Raggiunto da un proiettile, ora è lui l’imputato

Il 48enne Claudio Carretta dovrà difendersi in tribunale dalle accuse di stalking, minacce e lesioni dopo l'esplosione di colpi d'arma da fuoco avvenuta a Gallipoli

Tar

Un episodio di violenza culminato con l’esplosione di colpi d’arma da fuoco si trasforma in un processo dai risvolti inaspettati. Claudio Carretta, 48 anni, inizialmente considerato vittima dopo essere stato ferito all’addome, si troverà ora sul banco degli imputati. L’uomo dovrà rispondere delle accuse di stalking, lesioni, tentate lesioni e porto abusivo d’arma, dopo che le indagini hanno ricostruito un quadro diverso rispetto a quanto emerso inizialmente.

Il fatto risale al 28 giugno 2024, quando in viale Europa, a Gallipoli, si verificò uno scontro tra Carretta e il 27enne Niko Saverio Piteo. Quest’ultimo, autore dei colpi di pistola, venne arrestato per tentato omicidio, ma fu rilasciato dopo l’interrogatorio. Gli accertamenti hanno poi rivelato che l’azione di Piteo sarebbe stata una reazione alle continue minacce e aggressioni subite da Carretta, il quale ora dovrà difendersi in tribunale.

Il processo e le accuse

Il rinvio a giudizio è stato disposto dal gup Stefano Sala su richiesta della procura. Il procedimento inizierà il prossimo 11 aprile, davanti al giudice del tribunale di Lecce Andrea Giannone. Carretta sarà assistito dagli avvocati Raffaele Benfatto e Speranza Faenza, che hanno scelto di affrontare il processo ordinario senza richiedere riti alternativi. Piteo e la sua famiglia si costituiranno parte civile, con l’assistenza legale degli avvocati Pompeo Demitri e Stefano Palma.

La dinamica dell’evento

Secondo la ricostruzione dei fatti, l’episodio avrebbe avuto inizio nel primo pomeriggio, quando Carretta entrò in un bar e si rivolse alla cameriera con un tono polemico. Piteo, presente nel locale con la moglie e le figlie, intervenne chiedendo spiegazioni. Ne seguì un violento alterco, in cui Carretta avrebbe aggredito il 27enne sferrandogli un pugno e trascinandolo fuori dal locale, continuando a colpirlo al torace e graffiandolo al collo.
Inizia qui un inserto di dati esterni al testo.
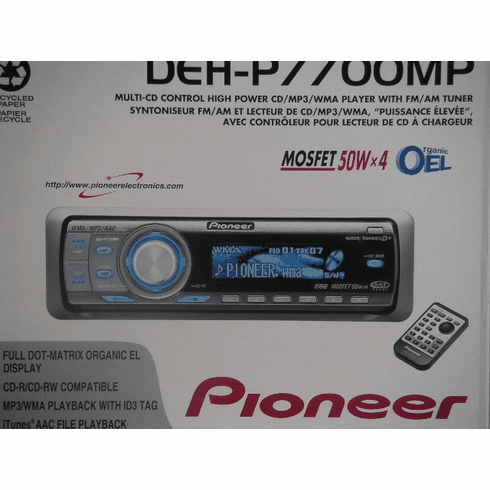 PIONEER DEH-P7700MP In-Dash CD/MP3/WMA/WAV/iTunes AAC Car Stereo Receiver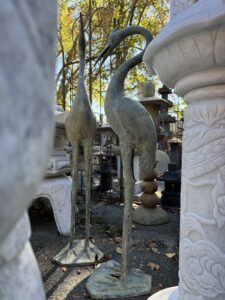Brass Crane Large Pair - Image 3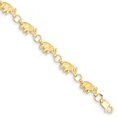 thumbnail image 1 of Bracelet Chaîne Éléphant en Or Jaune 14k Animal, 1 of 5
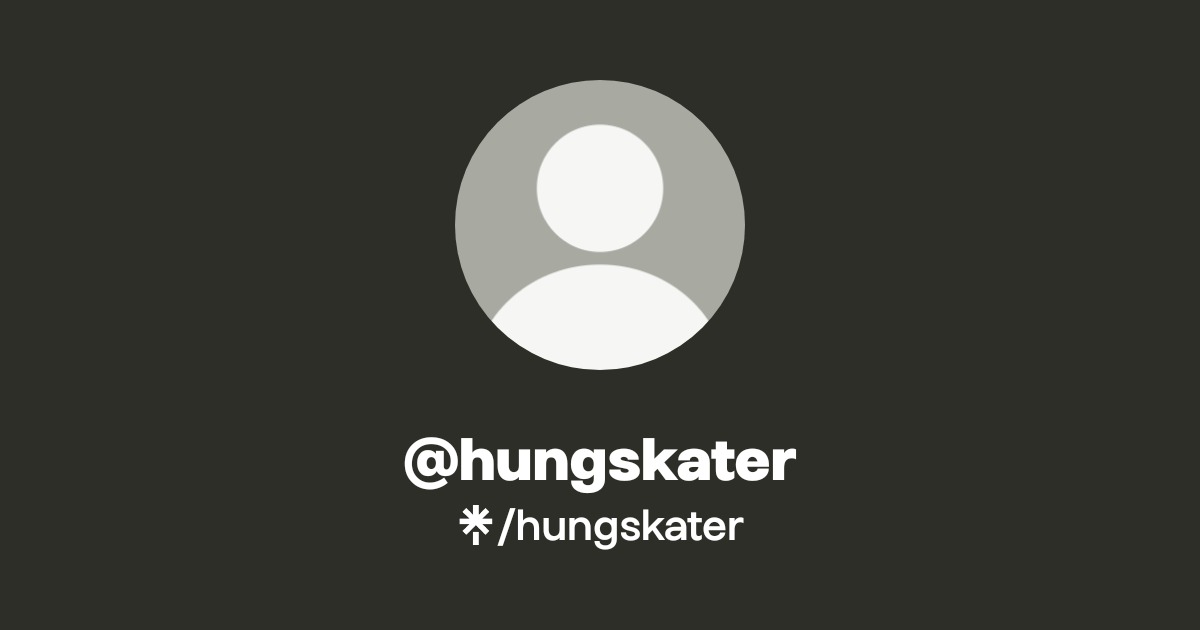 @hungskater | Linktree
Piteo, praticante di arti marziali, riuscì a immobilizzare il 48enne, cercando di fermare l’aggressione senza ulteriori conseguenze. Tuttavia, Carretta non si sarebbe fermato: si allontanò per recuperare un tubo di ferro lungo circa 50 centimetri dalla sua auto e tornò per cercare di colpire nuovamente il rivale. Solo l’abilità di difesa di Piteo gli permise di schivare i colpi.

Dopo il fallito tentativo di aggressione, Carretta lasciò il luogo gridando minacce di morte nei confronti di Piteo e della sua famiglia: “Non finisce qui… Ti ammazzo… Veniamo a prenderti a casa e vi ammazziamo tutti”. Poche ore dopo, mantenne la promessa, presentandosi con un parente sotto casa del 27enne, incitandolo a uscire.

A quel punto, temendo per la sua incolumità e per quella della moglie e delle figlie, Piteo afferrò la pistola, regolarmente detenuta, ed esplose diversi colpi per cercare di allontanarlo. Nel frattempo, la moglie del 27enne allertò i carabinieri. Uno dei proiettili raggiunse Carretta all’addome, rendendolo inizialmente il ferito della vicenda.

Le indagini e il ribaltamento del caso

In un primo momento, Piteo fu arrestato con l’accusa di tentato omicidio, ma il quadro si è poi capovolto con il proseguire delle indagini. Gli elementi raccolti hanno evidenziato un contesto di minacce e aggressioni da parte di Carretta, portando la magistratura a ritenere che il 27enne avesse agito per autodifesa.

Ora sarà Carretta a dover rispondere delle accuse davanti al tribunale, in un processo che si preannuncia complesso. Le difese cercheranno di dimostrare le proprie tesi, mentre la procura porterà in aula gli elementi raccolti per sostenere l’impianto accusatorio.